## Activity
Copy out the data below from the line containing "a group of people" to the line containing "Close-up of brush", both lines included, with all images left out.

## The input
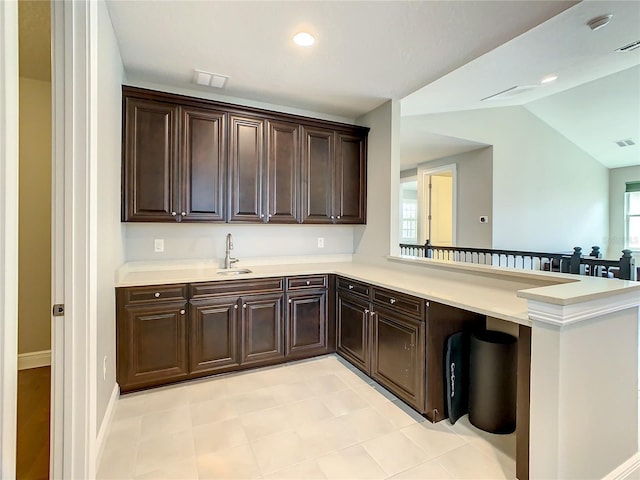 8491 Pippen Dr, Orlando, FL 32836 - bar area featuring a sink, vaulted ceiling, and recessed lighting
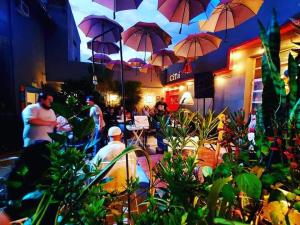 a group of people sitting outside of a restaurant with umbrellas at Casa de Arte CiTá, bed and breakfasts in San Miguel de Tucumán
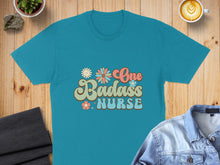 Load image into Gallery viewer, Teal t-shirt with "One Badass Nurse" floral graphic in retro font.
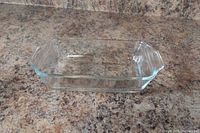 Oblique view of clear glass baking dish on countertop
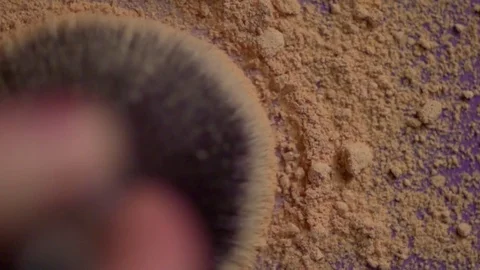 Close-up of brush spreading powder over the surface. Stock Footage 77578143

==

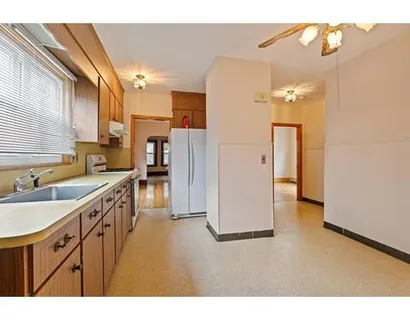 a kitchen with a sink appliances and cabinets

==

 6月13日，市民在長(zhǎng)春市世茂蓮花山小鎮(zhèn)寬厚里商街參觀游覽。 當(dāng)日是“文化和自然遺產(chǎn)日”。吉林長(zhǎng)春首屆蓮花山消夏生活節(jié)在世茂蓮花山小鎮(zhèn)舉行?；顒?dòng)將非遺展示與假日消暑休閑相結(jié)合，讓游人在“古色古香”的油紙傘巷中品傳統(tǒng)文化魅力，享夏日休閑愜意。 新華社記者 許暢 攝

## Result below
 a group of people sitting outside of a restaurant with umbrellas at Casa de Arte CiTá, bed and breakfasts in San Miguel de Tucumán
 Load image into Gallery viewer, Teal t-shirt with "One Badass Nurse" floral graphic in retro font.
 Oblique view of clear glass baking dish on countertop
 Close-up of brush spreading powder over the surface. Stock Footage 77578143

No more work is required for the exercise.